Assignment —
Drop the pictures from the entries below, then reproduce the rest exactly.

Data listing —

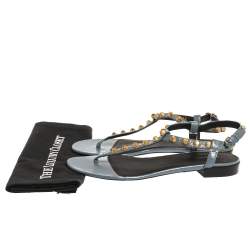 Pre Owned صندل فلات إصبع بالنسياغا مرصع جلد رصاصي مقاس 39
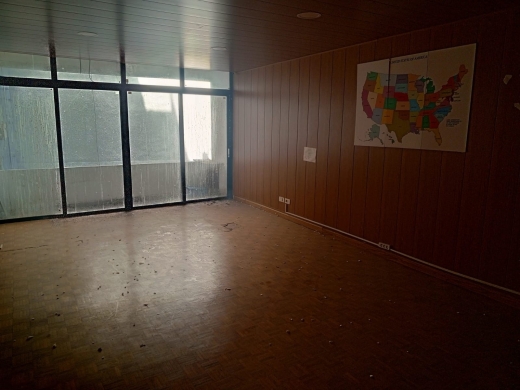 100 SQM Office For Rent in Saifi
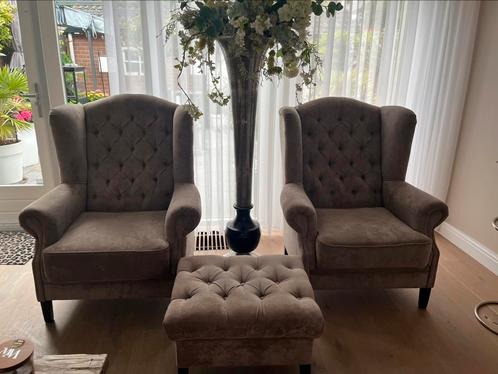 2  taupe oorfautails met hocker, Huis en Inrichting, Fauteuils, Stof, Ophalen of Verzenden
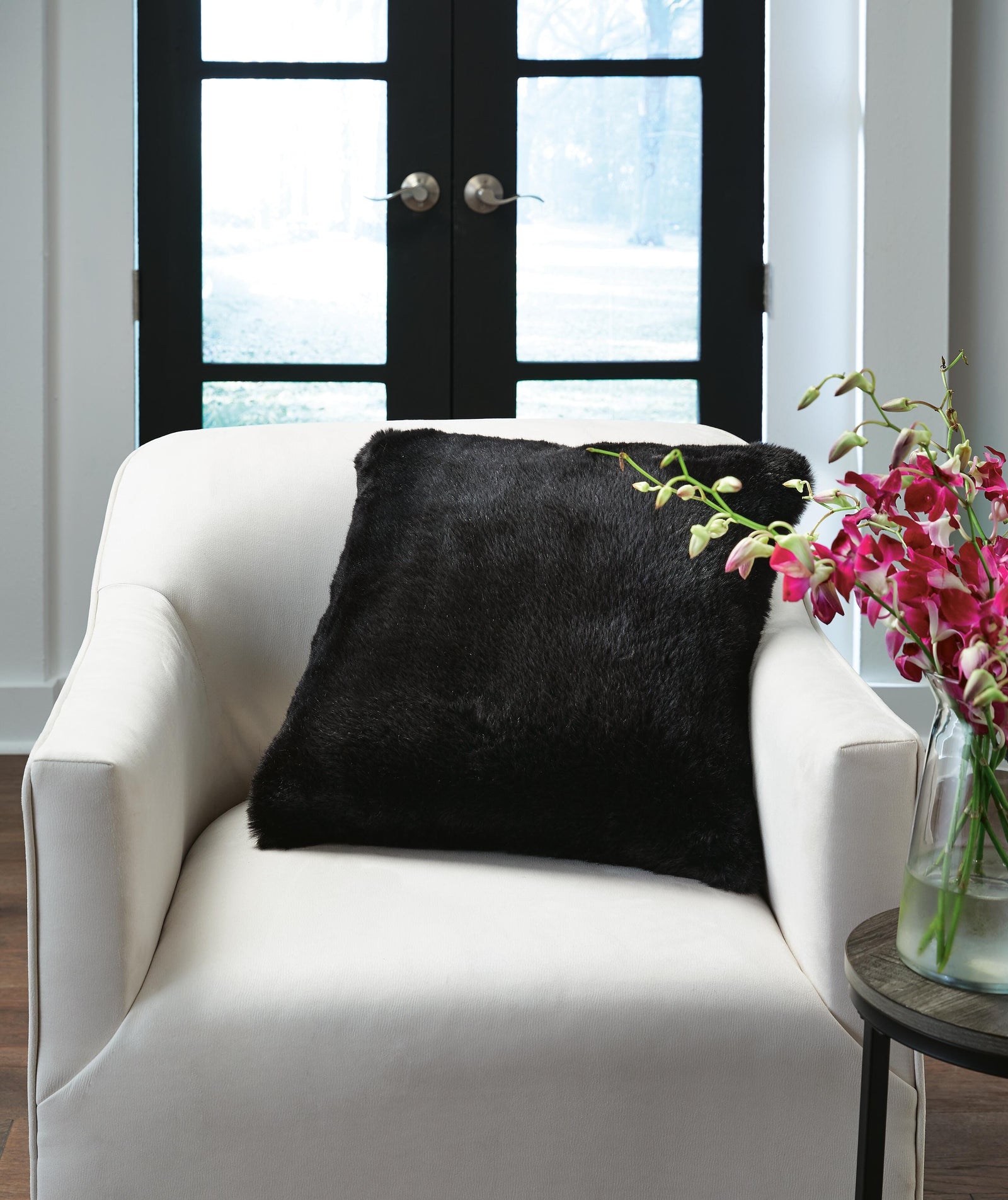 Gariland Pillow (Set of 4) - Black (2)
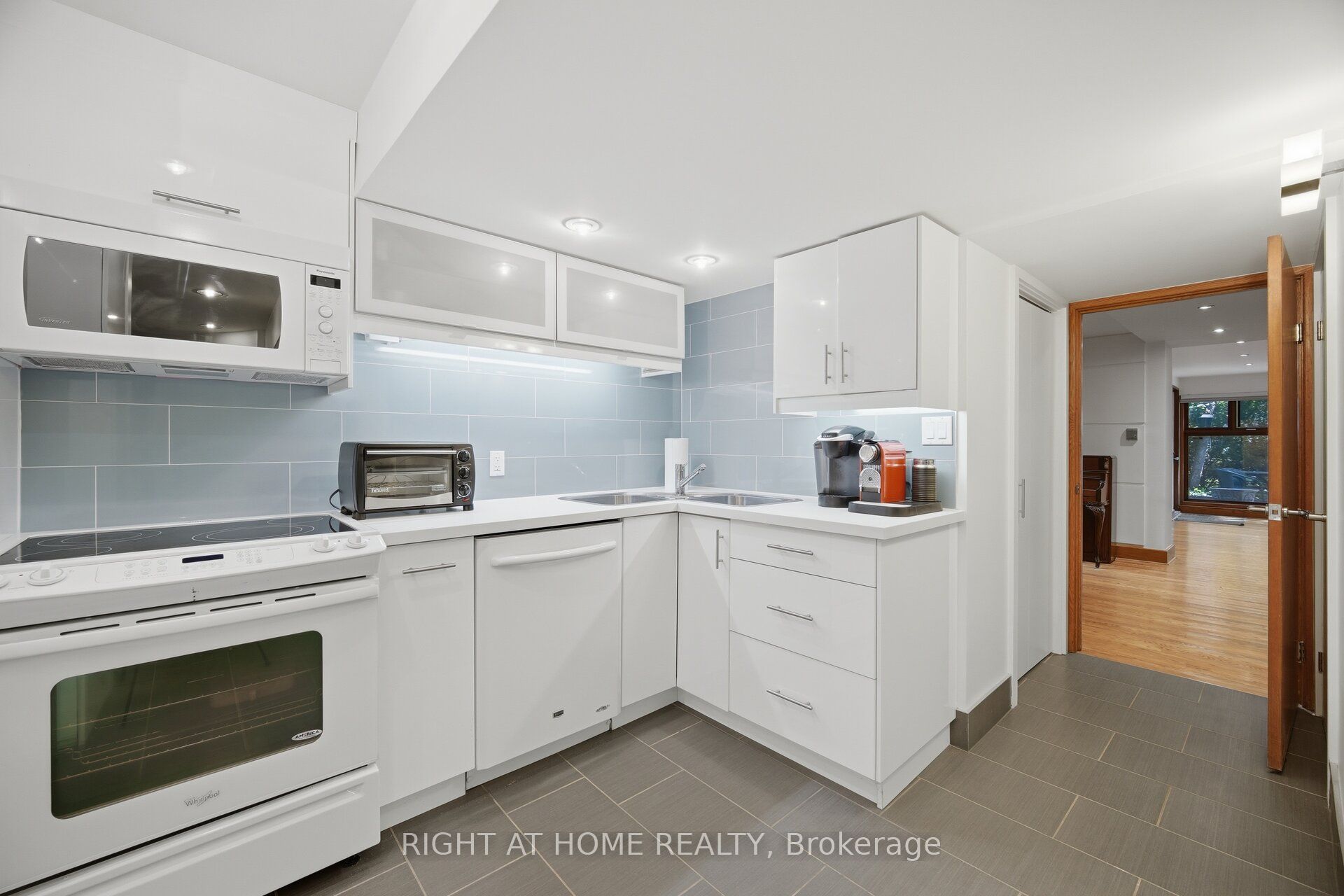 9 Saguenay Avenue Property Photo 43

Answer —
 Pre Owned صندل فلات إصبع بالنسياغا مرصع جلد رصاصي مقاس 39
 100 SQM Office For Rent in Saifi
 2  taupe oorfautails met hocker, Huis en Inrichting, Fauteuils, Stof, Ophalen of Verzenden
 Gariland Pillow (Set of 4) - Black (2)
 9 Saguenay Avenue Property Photo 43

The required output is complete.